What the task requires ->
Please return, exactly and only, the lines beginning at the top of the entries below and ending with the line containing "PCML-GO presente na Greve Geral!"; keep out the pictures.

────────

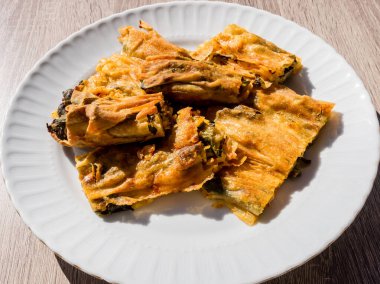 Ispanaklı ve peynirli Türk Borek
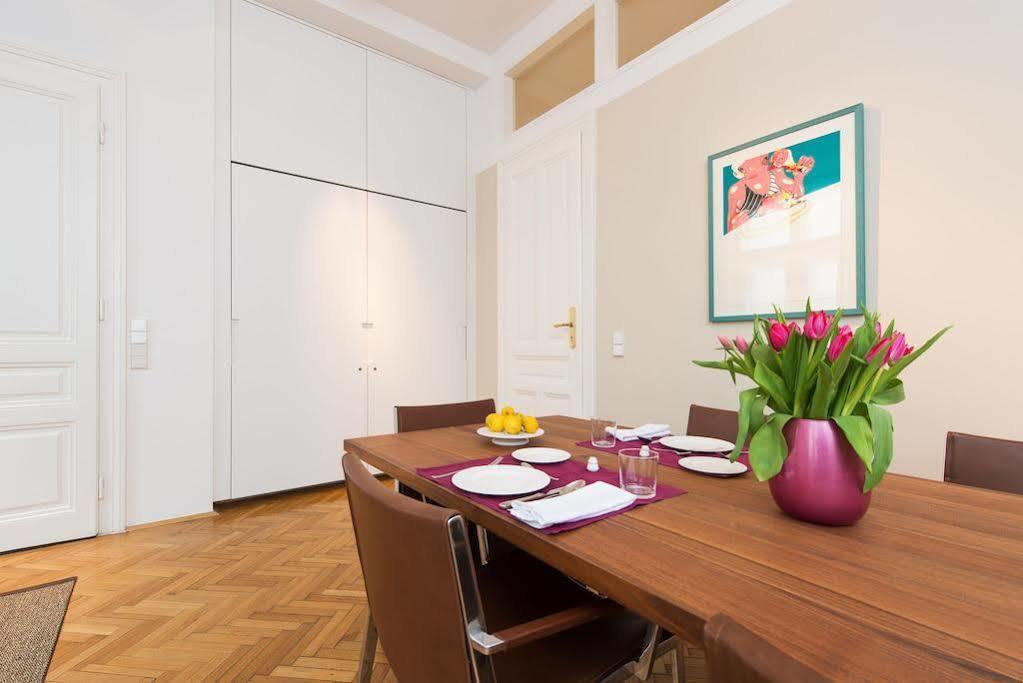 Rosa Linde - Comfort Rooms Vienna Luaran gambar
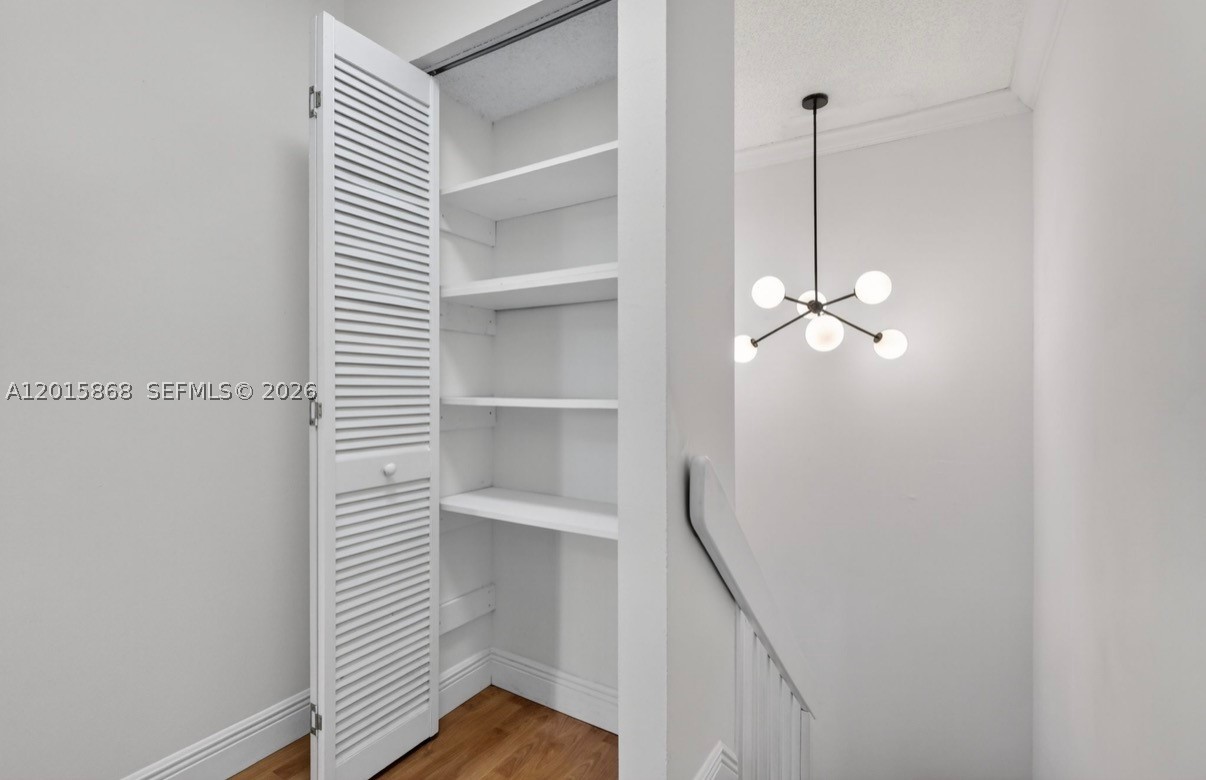 WOODS LANDING CONDO PH I - Residential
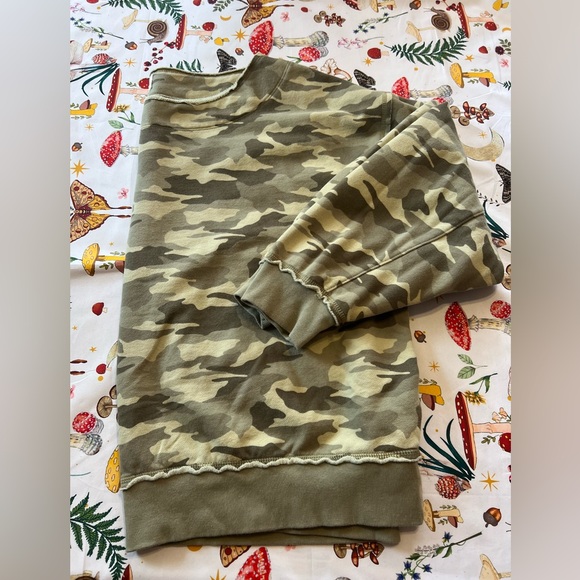 American Eagle Off Shoulder Camo Print XXL - Picture 7 of 7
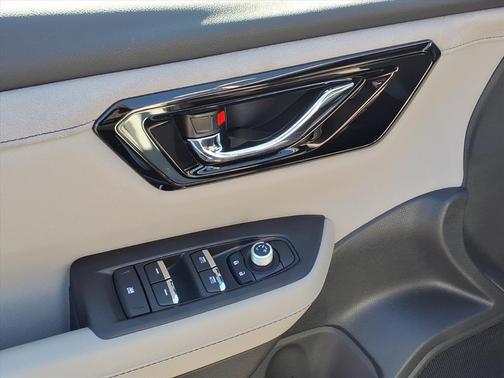 Crystal White Pearl 2026 Subaru Forester Limited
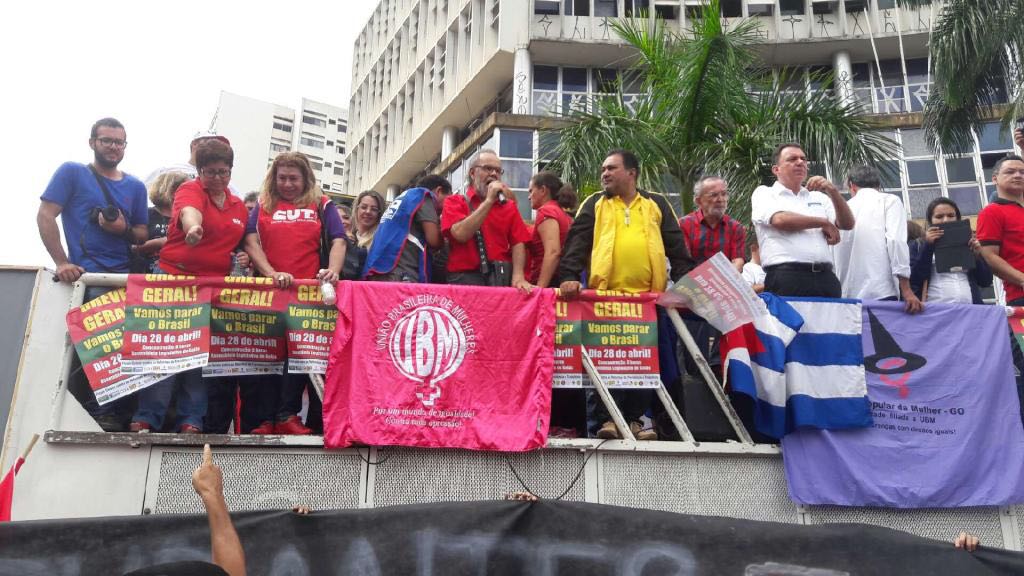 PCML-GO presente na Greve Geral!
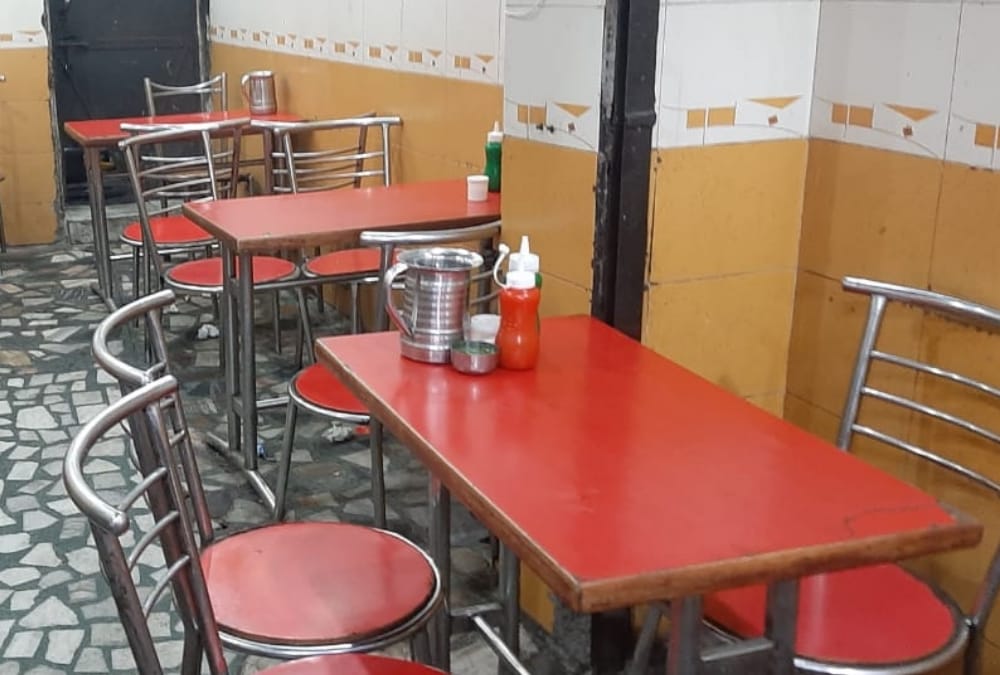 Night curfew badly hits hotel reataurent business in Lucknow.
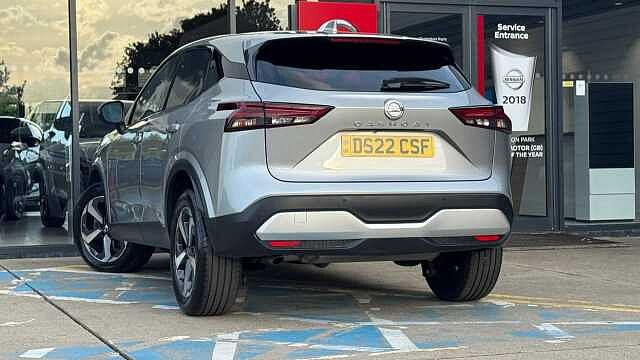 Nissan Qashqai 1.3 DiG-T MH N-Connecta 5dr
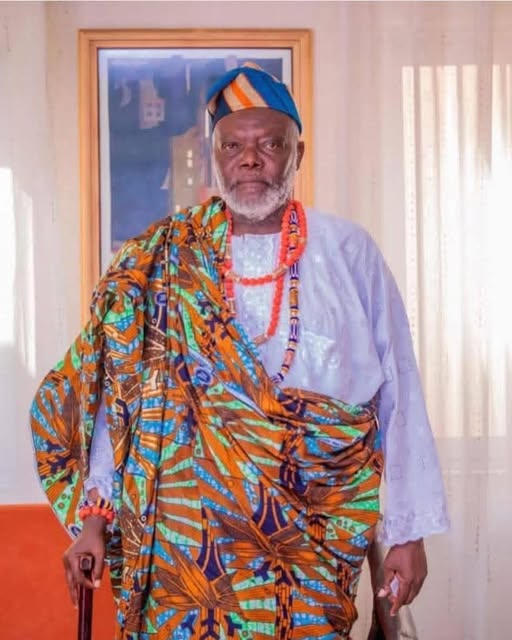 Le monde du cinéma béninois est éploré : Tonton J : le rire s’éteint, mais l’écho demeure.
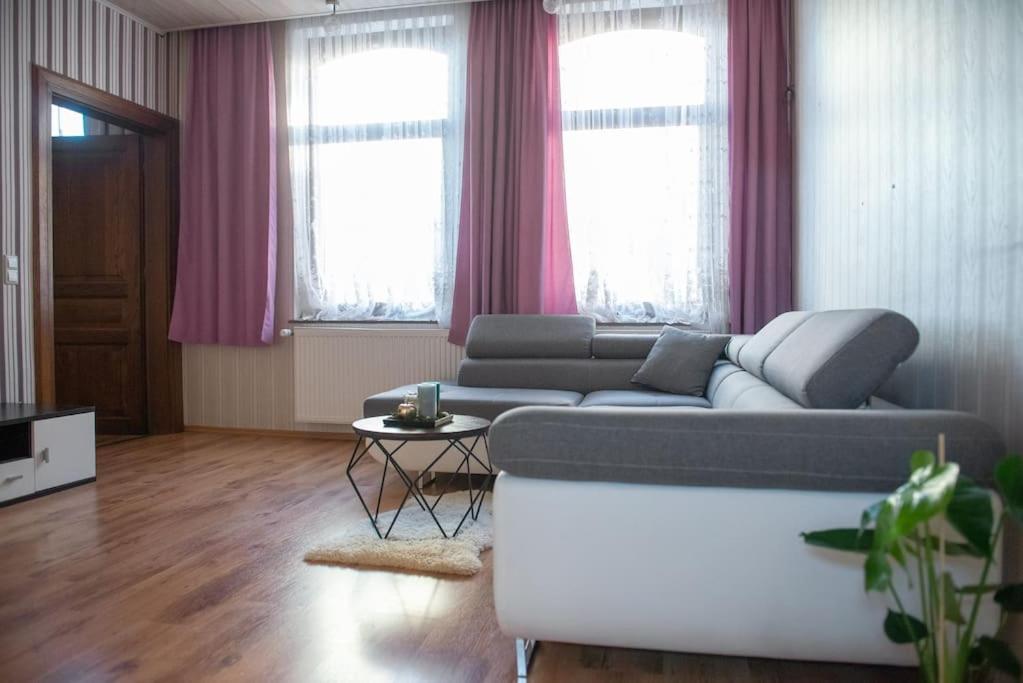 2 Zi.-Wohnung Stadtnah, Messenah Sarstedt Eksteriør bilde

────────

Result of the exercise ->
 Ispanaklı ve peynirli Türk Borek
 Rosa Linde - Comfort Rooms Vienna Luaran gambar
 WOODS LANDING CONDO PH I - Residential
 American Eagle Off Shoulder Camo Print XXL - Picture 7 of 7
 Crystal White Pearl 2026 Subaru Forester Limited
 PCML-GO presente na Greve Geral!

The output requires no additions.